A fine example of Philippe Buache's edition of GuillaumeDe L'Isles highly detailed map of the region centered on the Red Sea.
The map extends west to include Sicily, the Southeastern Mediterreanean, Barbaria, Nigritie, and a Guinea on the West Coast of Africa. To the east, the map includes the Persian Gulf, Saudi Arabia, the Gulf of Aden and the Kingdom of Ajan and Dadel.

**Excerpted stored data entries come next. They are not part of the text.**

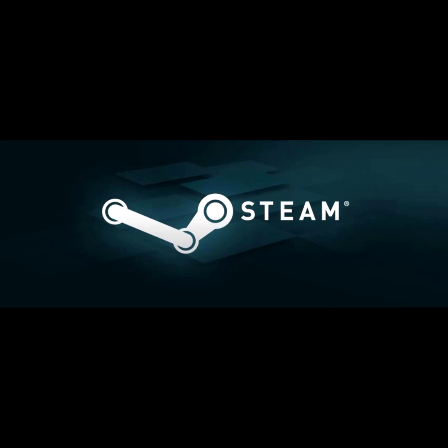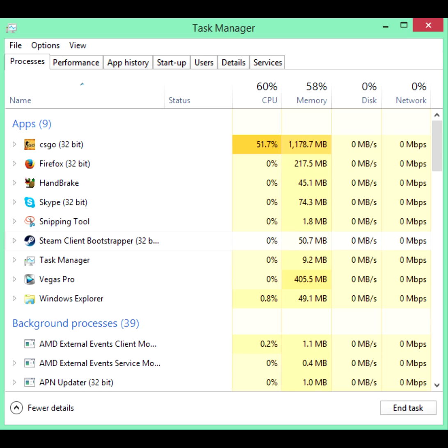A lot of people have been saying that the static is somehow related to the Steam application, since the static is only really noticeable while you're actually in-game. The real reason, however, is while you're in-game, your computer is using a lot more processing power, which seems to create some static interference.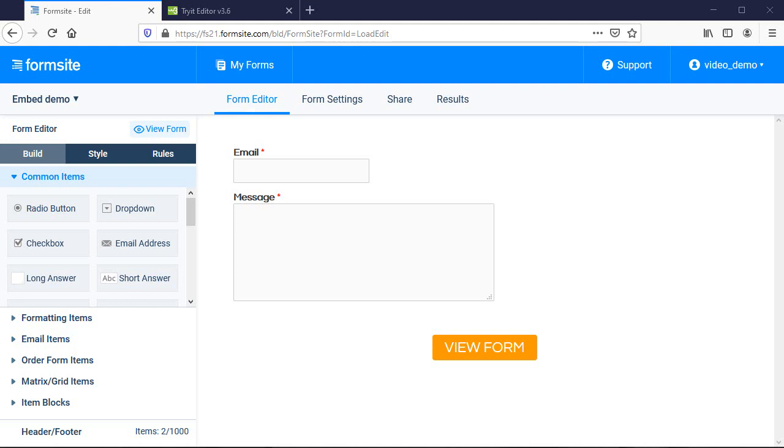Embedding your form is a way to place your Formsite form on an existing web page and is used whenever you don't want your form visitors to leave the site.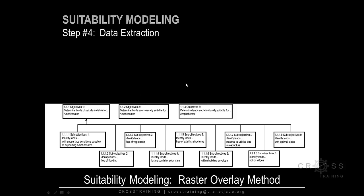If we revisit our suitability model diagram in this figure, our next task is to reach the sub-objectives. Each sub-objective will eventually be a map layer. Our main objective is to look at physical conditions.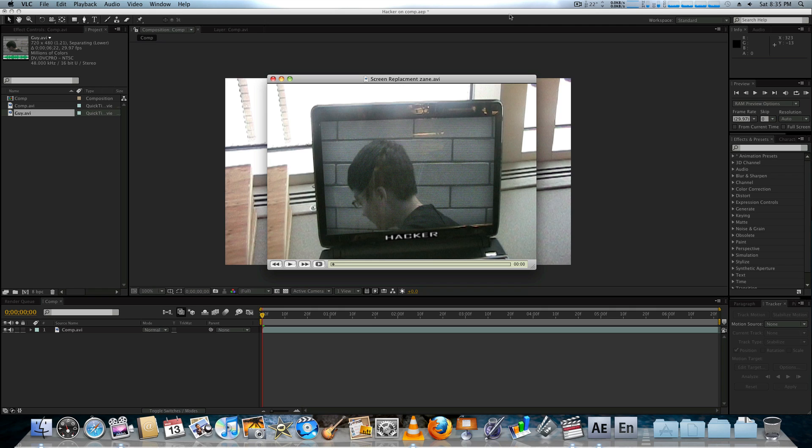Today we're going to be looking at a more advanced screen replacement than last time. I was planning on using Mocha, but unfortunately there's a few things I need to figure out. So maybe in the future, cross your fingers.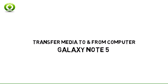This tutorial provides an overview of how to transfer media to and from a computer using the Samsung Galaxy Note 5.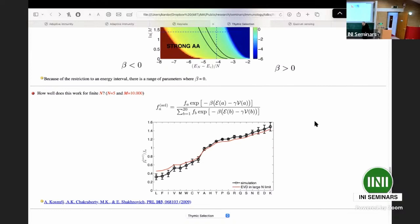When asked why the large-N limit works so well for N of five, one guess is that the number of state variables per site is 20 amino acids, which may already be a large enough number. A proper one-over-N correction has not been done yet.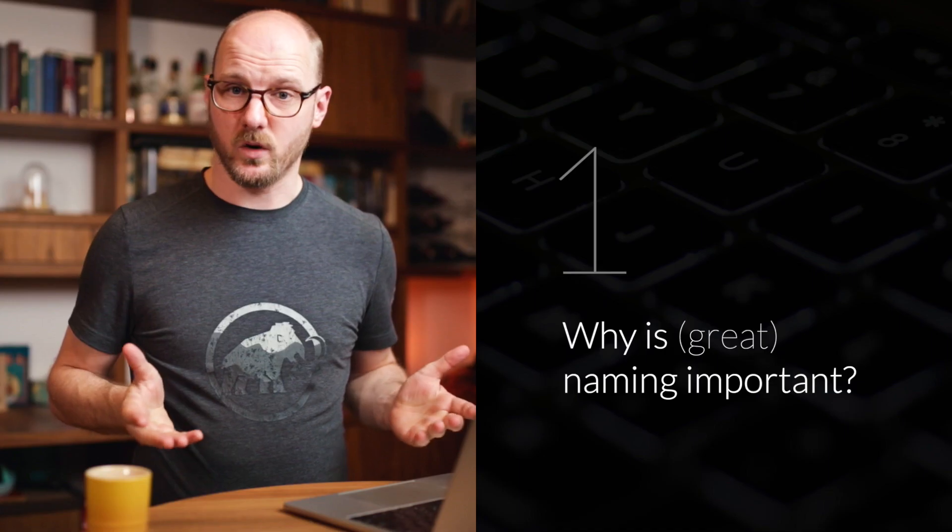As a programmer, picking the right name for something can be difficult. What actually makes for a good name for a variable, a function, a file, a module, a class, or even a database table? In this video, I'll talk about why naming is important, and I'll show four different best practices and four different anti-patterns that will make your life a lot easier, because for the most part, there are easy rules to follow. Let's talk about how to name things in code.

De L'Isle's maps provided the first truly scientific mapping of the regions covered, eschewing the flamboyant Dutch style of illustrations and adopting a highly detailed and decorative approach to the printed map. The result is a combination of spectacular detail and accuracy, not approached by the Dutch or any other 17th Century map makers. The detail in this map reflects this Renaissance of style and accuracy
Philippe Buache (1700-1773) was one of the most famous French geographers of the eighteenth century. Buache was married to the daughter of the eminent Guillaume Delisle and worked with his father-in-law, carrying on the business after Guillaume died. Buache gained the title geographe du roi in 1729 and was elected to the Academie des Sciences in the same year. Buache was a pioneering theoretical geographer, especially as regards contour lines and watersheds. He is best known for his works such as Considérations géographiques et physiques sur les découvertes nouvelles dans la grande mer (Paris, 1754).